Data to use: Begin

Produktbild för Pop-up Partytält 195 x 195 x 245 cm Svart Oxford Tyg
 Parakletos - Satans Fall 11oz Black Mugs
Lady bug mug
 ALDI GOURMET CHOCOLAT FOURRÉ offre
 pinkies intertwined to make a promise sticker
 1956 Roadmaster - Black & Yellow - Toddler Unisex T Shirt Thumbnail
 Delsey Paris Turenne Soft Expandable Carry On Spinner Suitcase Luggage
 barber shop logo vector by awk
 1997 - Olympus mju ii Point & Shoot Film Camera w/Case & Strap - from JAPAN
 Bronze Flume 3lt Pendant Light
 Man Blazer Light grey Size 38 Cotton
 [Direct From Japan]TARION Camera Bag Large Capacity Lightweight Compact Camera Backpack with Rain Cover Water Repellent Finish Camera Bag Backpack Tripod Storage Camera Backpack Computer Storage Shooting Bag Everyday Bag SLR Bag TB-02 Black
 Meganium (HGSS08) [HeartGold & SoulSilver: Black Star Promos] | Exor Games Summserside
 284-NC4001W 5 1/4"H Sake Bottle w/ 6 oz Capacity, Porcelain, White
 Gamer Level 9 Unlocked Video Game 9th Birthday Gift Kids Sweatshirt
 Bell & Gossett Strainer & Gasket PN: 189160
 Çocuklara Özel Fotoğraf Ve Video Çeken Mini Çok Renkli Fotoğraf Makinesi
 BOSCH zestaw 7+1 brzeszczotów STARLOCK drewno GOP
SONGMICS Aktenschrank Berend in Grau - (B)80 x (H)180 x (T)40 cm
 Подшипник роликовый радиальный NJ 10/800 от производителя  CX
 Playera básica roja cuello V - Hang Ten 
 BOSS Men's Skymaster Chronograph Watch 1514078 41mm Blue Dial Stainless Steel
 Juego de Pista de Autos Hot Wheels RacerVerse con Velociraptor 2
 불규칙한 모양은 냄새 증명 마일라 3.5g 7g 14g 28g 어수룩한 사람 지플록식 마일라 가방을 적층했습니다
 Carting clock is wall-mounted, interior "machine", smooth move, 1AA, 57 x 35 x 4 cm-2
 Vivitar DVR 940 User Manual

Data to use: End

Task statement >>
Please count the lines that hold "Video" in this data and report the total alone.

Result of this task >>
2